‘Não tenho como controlar o que assessores fazem fora do gabinete’, diz Flávio Bolsonaro

Flávio Bolsonaro

O deputado estadual e senador eleito Flávio Bolsonaro (PSL-RJ) negou ter conhecimento das movimentações financeiras do ex-assessor Queiroz. “Não tenho nada a ver com isso. Não tenho como controlar o que os assessores fazem fora do gabinete”, disse o filho do presidente, Jair Bolsonaro, em entrevista ao SBT veiculada na noite desta quinta-feira (10).

Flávio disse que a soma de salários de seu ex-assessor e de seus familiares já chegaria a “quase” o valor de R$ 1,2 milhão apontado pelo Coaf como “movimentação atípica” por Queiroz.  “Se você pega o salário dele no meu gabinete, mais o que ele recebe na Polícia Militar e mais o dos seus familiares, que depositavam dinheiro na conta dele, conforme ele próprio já declarou em alguma entrevista, dá quase esse valor”, disse Flávio, ressalvando que não estava fazendo uma defesa do ex-assessor.

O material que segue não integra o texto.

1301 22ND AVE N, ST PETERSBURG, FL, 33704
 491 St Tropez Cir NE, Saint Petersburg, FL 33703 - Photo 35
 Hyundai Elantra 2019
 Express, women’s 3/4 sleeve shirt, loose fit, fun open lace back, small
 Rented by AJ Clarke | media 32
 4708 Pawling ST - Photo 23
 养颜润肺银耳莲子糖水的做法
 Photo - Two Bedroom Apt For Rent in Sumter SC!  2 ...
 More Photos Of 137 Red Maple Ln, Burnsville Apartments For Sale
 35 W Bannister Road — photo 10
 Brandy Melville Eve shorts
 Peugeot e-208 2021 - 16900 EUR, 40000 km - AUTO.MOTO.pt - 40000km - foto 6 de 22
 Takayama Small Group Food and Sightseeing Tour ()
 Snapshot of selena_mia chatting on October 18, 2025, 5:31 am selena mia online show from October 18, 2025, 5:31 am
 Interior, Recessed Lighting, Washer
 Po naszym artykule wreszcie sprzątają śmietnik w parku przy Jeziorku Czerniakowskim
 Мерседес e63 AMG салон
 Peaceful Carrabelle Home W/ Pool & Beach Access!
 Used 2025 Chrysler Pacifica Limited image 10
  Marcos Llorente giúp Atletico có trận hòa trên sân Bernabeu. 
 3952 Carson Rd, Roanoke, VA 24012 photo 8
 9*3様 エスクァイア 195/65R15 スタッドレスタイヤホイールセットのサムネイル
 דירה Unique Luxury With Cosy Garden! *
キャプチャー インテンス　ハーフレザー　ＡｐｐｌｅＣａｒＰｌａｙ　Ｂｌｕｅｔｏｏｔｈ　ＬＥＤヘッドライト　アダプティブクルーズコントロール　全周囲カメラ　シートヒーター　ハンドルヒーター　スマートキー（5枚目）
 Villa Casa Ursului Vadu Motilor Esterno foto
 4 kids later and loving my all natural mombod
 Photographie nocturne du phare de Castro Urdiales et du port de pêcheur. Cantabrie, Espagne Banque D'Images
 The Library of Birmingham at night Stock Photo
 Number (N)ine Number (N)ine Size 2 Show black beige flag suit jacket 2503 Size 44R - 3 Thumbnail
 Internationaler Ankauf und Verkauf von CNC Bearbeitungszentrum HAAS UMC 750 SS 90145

O Coaf detectou que Queiroz recebeu depósitos de colegas do gabinete de Flávio, mais da metade até três dias úteis após o pagamento dos salários na Assembleia Legislativa do Rio de Janeiro (Alerj). O órgão considera que a renda do ex-assessor, então de R$ 23 mil mensais, é incompatível com o dinheiro que passou por sua conta de janeiro de 2016 a janeiro de 2017: R$ 1,2 milhão. O ex-assessor alegou, em entrevista ao SBT, que ganhou dinheiro vendendo carros usados.

Flávio Bolsonaro não comparece para depor 

O senador eleito não compareceu ao depoimento marcado para esta quinta-feira (10), no Ministério Público, para esclarecer o caso. Em uma nota publicada em seu perfil no Facebook, na tarde desta quinta, ele justificou que não é investigado e que ainda não teve acesso aos autos do procedimento aberto pelo MP para falar das movimentações financeiras consideradas do ex-assessor.

Em seu perfil no Facebook, o filho mais velho do presidente justificou sua ausência afirmando que não é investigado e ainda não teve acesso aos autos do procedimento aberto pelo MP. Ao SBT, Flávio disse que pretende depor ao MP para “sepultar qualquer dúvida sobre minha pessoa”, mas não disse quando isso seria.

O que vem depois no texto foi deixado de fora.